Incredibly these "hobbits" stood less than 40 inches tall and had brains about a third the size of modern humans, although they were buried with Stone Age tools, which indicates they had some smarts. "The combination of primitive and derived (modern-looking) features assigns this hominin to a new species, Homo floresiensis. The most likely explanation for its existence on Flores is long-term isolation, with subsequent endemic dwarfing," concluded the team led by Peter Brown of Australia's University of New England. The declaration made the bones of "Liang Bua 1," or LB1, described in the study the "holotype", basically the defining specimen of the new species, much like the fossil of " Lucy" defines the pre-human species Australopithecus afarensis, which lived 3 to 4 million years ago in Africa.
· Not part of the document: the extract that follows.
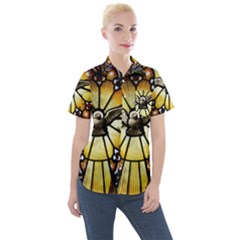 Spain Catalonia Montserrat Church Women s Short Sleeve Pocket Shirt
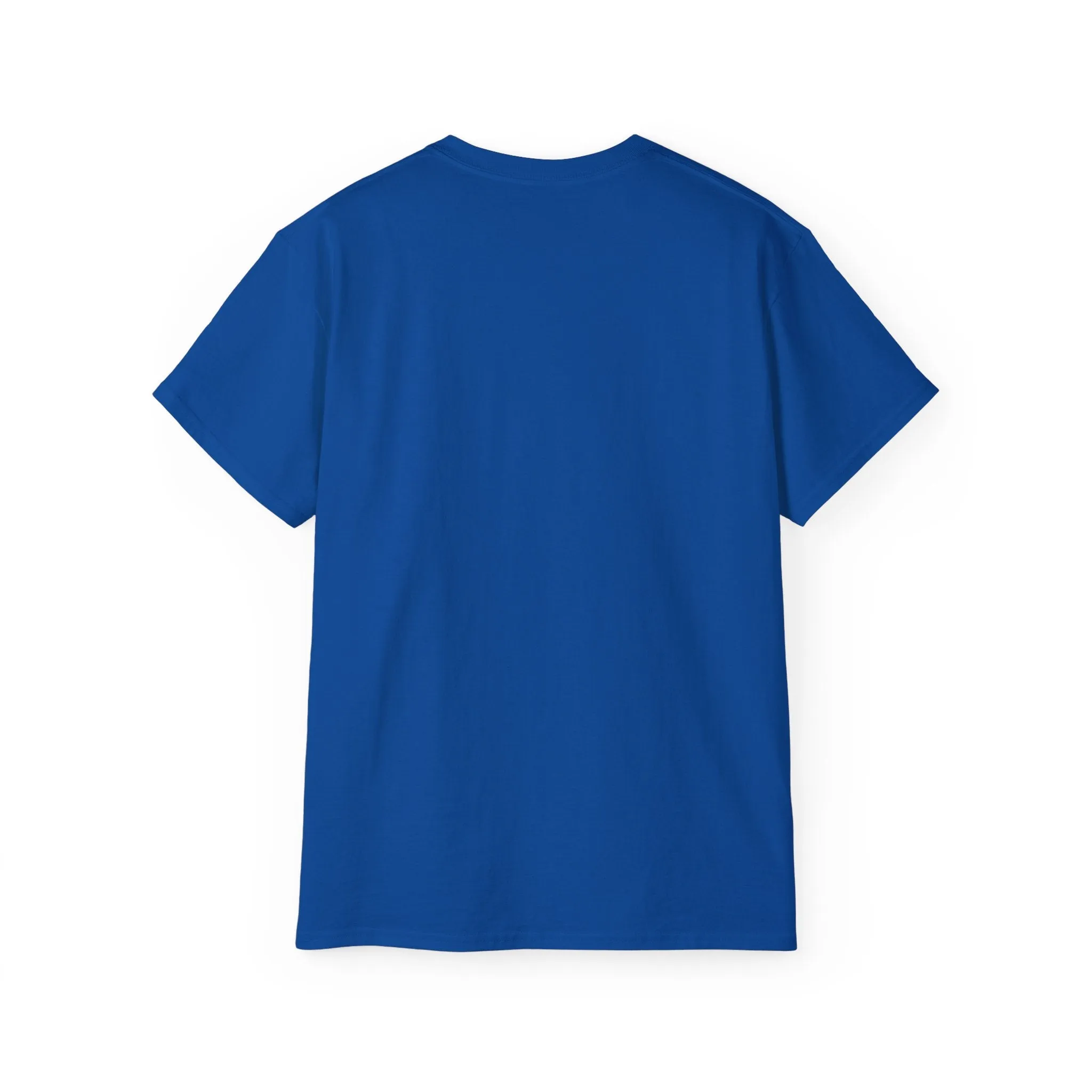 Coffee & Barbells - Unisex Ultra Cotton Tee - Front White Logo - Plain Back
For something so sacrosanct, LB1's bones have enjoyed a rough few years, derided by critics such as Jochen Weber of Germany's Leopoldina Hospital as belonging to a microencephalic victim of a small-brained pathology, not a new species. Florida State University neuroscientist Dean Falk countered those claims in other studies, most recently in a 2007 Proceedings of the National Academies of Science paper that concluded, "Despite LB1's having brain shape features that sort it with normal humans rather than microencephalics, other shape features and its small brain size are consistent with its assignment to a separate species." The bones even departed from their home in Jakarta's Indonesian Centre for Archaeology without the permission of all of the discoverers, a move that left them damaged and pawns in the politics of paleontology in Indonesia prior to their return.